Supplied data:

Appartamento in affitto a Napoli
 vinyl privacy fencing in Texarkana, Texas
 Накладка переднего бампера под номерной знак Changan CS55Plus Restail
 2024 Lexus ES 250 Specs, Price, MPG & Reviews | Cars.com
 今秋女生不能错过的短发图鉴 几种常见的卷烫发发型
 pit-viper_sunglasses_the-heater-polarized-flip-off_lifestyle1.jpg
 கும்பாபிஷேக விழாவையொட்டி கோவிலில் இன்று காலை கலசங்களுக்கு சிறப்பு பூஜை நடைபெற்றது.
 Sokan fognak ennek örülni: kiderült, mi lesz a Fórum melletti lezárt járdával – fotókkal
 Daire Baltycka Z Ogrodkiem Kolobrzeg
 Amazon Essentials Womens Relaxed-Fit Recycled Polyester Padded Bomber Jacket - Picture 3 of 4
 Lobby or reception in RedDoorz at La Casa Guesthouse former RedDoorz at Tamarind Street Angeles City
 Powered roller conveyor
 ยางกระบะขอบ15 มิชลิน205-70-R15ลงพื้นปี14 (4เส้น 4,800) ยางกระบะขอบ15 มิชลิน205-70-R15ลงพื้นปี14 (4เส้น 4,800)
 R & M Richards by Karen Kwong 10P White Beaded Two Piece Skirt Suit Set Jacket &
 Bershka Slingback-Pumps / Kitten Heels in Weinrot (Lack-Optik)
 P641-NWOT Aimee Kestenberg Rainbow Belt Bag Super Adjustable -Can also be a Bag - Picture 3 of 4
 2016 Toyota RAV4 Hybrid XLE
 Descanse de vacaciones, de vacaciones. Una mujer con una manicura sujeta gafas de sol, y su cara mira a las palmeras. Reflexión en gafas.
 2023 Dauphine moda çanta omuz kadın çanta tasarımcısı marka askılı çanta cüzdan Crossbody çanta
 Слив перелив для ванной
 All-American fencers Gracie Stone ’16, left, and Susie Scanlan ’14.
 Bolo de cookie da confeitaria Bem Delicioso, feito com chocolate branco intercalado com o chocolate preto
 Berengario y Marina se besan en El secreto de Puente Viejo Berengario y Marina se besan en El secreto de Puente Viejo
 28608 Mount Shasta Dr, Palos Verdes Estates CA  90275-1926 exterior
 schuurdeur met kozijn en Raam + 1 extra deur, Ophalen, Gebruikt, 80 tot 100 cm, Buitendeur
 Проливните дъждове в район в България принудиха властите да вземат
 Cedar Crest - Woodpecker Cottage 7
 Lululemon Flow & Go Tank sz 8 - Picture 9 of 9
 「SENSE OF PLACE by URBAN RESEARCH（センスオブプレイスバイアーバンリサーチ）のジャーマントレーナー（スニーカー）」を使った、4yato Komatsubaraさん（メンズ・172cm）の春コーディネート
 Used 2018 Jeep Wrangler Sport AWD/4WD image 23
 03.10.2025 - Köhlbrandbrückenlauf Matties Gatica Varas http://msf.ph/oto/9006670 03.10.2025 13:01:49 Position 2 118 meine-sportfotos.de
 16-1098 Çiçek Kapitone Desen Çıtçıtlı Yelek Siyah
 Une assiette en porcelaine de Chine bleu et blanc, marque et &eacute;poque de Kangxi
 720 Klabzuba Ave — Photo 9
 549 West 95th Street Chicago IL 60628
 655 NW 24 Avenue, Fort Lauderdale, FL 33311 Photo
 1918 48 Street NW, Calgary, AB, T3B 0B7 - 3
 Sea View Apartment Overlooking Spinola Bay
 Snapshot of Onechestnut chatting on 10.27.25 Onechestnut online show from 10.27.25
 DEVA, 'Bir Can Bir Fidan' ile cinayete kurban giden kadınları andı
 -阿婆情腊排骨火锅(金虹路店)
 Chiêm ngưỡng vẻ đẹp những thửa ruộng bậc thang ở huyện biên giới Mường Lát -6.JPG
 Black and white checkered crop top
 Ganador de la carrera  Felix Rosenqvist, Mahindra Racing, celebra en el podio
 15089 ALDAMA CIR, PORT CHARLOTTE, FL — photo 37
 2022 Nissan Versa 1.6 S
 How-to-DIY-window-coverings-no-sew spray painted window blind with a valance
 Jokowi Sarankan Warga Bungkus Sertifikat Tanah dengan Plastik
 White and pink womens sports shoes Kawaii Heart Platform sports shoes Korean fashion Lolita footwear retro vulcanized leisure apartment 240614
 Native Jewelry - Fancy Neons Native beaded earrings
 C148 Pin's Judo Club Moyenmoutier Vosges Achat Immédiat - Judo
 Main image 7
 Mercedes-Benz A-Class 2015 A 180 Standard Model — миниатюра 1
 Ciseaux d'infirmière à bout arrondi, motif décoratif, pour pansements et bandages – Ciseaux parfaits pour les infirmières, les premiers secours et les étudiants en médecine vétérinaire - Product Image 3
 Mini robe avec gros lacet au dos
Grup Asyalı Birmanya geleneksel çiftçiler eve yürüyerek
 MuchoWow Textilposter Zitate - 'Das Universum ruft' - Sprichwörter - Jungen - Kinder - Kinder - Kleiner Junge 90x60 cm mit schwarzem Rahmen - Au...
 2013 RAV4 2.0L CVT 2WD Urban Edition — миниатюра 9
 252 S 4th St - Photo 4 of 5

Task directions: A full, exact copy of the entries is the required answer.

Answer space:
Appartamento in affitto a Napoli
 vinyl privacy fencing in Texarkana, Texas
 Накладка переднего бампера под номерной знак Changan CS55Plus Restail
 2024 Lexus ES 250 Specs, Price, MPG & Reviews | Cars.com
 今秋女生不能错过的短发图鉴 几种常见的卷烫发发型
 pit-viper_sunglasses_the-heater-polarized-flip-off_lifestyle1.jpg
 கும்பாபிஷேக விழாவையொட்டி கோவிலில் இன்று காலை கலசங்களுக்கு சிறப்பு பூஜை நடைபெற்றது.
 Sokan fognak ennek örülni: kiderült, mi lesz a Fórum melletti lezárt járdával – fotókkal
 Daire Baltycka Z Ogrodkiem Kolobrzeg
 Amazon Essentials Womens Relaxed-Fit Recycled Polyester Padded Bomber Jacket - Picture 3 of 4
 Lobby or reception in RedDoorz at La Casa Guesthouse former RedDoorz at Tamarind Street Angeles City
 Powered roller conveyor
 ยางกระบะขอบ15 มิชลิน205-70-R15ลงพื้นปี14 (4เส้น 4,800) ยางกระบะขอบ15 มิชลิน205-70-R15ลงพื้นปี14 (4เส้น 4,800)
 R & M Richards by Karen Kwong 10P White Beaded Two Piece Skirt Suit Set Jacket &
 Bershka Slingback-Pumps / Kitten Heels in Weinrot (Lack-Optik)
 P641-NWOT Aimee Kestenberg Rainbow Belt Bag Super Adjustable -Can also be a Bag - Picture 3 of 4
 2016 Toyota RAV4 Hybrid XLE
 Descanse de vacaciones, de vacaciones. Una mujer con una manicura sujeta gafas de sol, y su cara mira a las palmeras. Reflexión en gafas.
 2023 Dauphine moda çanta omuz kadın çanta tasarımcısı marka askılı çanta cüzdan Crossbody çanta
 Слив перелив для ванной
 All-American fencers Gracie Stone ’16, left, and Susie Scanlan ’14.
 Bolo de cookie da confeitaria Bem Delicioso, feito com chocolate branco intercalado com o chocolate preto
 Berengario y Marina se besan en El secreto de Puente Viejo Berengario y Marina se besan en El secreto de Puente Viejo
 28608 Mount Shasta Dr, Palos Verdes Estates CA  90275-1926 exterior
 schuurdeur met kozijn en Raam + 1 extra deur, Ophalen, Gebruikt, 80 tot 100 cm, Buitendeur
 Проливните дъждове в район в България принудиха властите да вземат
 Cedar Crest - Woodpecker Cottage 7
 Lululemon Flow & Go Tank sz 8 - Picture 9 of 9
 「SENSE OF PLACE by URBAN RESEARCH（センスオブプレイスバイアーバンリサーチ）のジャーマントレーナー（スニーカー）」を使った、4yato Komatsubaraさん（メンズ・172cm）の春コーディネート
 Used 2018 Jeep Wrangler Sport AWD/4WD image 23
 03.10.2025 - Köhlbrandbrückenlauf Matties Gatica Varas http://msf.ph/oto/9006670 03.10.2025 13:01:49 Position 2 118 meine-sportfotos.de
 16-1098 Çiçek Kapitone Desen Çıtçıtlı Yelek Siyah
 Une assiette en porcelaine de Chine bleu et blanc, marque et &eacute;poque de Kangxi
 720 Klabzuba Ave — Photo 9
 549 West 95th Street Chicago IL 60628
 655 NW 24 Avenue, Fort Lauderdale, FL 33311 Photo
 1918 48 Street NW, Calgary, AB, T3B 0B7 - 3
 Sea View Apartment Overlooking Spinola Bay
 Snapshot of Onechestnut chatting on 10.27.25 Onechestnut online show from 10.27.25
 DEVA, 'Bir Can Bir Fidan' ile cinayete kurban giden kadınları andı
 -阿婆情腊排骨火锅(金虹路店)
 Chiêm ngưỡng vẻ đẹp những thửa ruộng bậc thang ở huyện biên giới Mường Lát -6.JPG
 Black and white checkered crop top
 Ganador de la carrera  Felix Rosenqvist, Mahindra Racing, celebra en el podio
 15089 ALDAMA CIR, PORT CHARLOTTE, FL — photo 37
 2022 Nissan Versa 1.6 S
 How-to-DIY-window-coverings-no-sew spray painted window blind with a valance
 Jokowi Sarankan Warga Bungkus Sertifikat Tanah dengan Plastik
 White and pink womens sports shoes Kawaii Heart Platform sports shoes Korean fashion Lolita footwear retro vulcanized leisure apartment 240614
 Native Jewelry - Fancy Neons Native beaded earrings
 C148 Pin's Judo Club Moyenmoutier Vosges Achat Immédiat - Judo
 Main image 7
 Mercedes-Benz A-Class 2015 A 180 Standard Model — миниатюра 1
 Ciseaux d'infirmière à bout arrondi, motif décoratif, pour pansements et bandages – Ciseaux parfaits pour les infirmières, les premiers secours et les étudiants en médecine vétérinaire - Product Image 3
 Mini robe avec gros lacet au dos
Grup Asyalı Birmanya geleneksel çiftçiler eve yürüyerek
 MuchoWow Textilposter Zitate - 'Das Universum ruft' - Sprichwörter - Jungen - Kinder - Kinder - Kleiner Junge 90x60 cm mit schwarzem Rahmen - Au...
 2013 RAV4 2.0L CVT 2WD Urban Edition — миниатюра 9
 252 S 4th St - Photo 4 of 5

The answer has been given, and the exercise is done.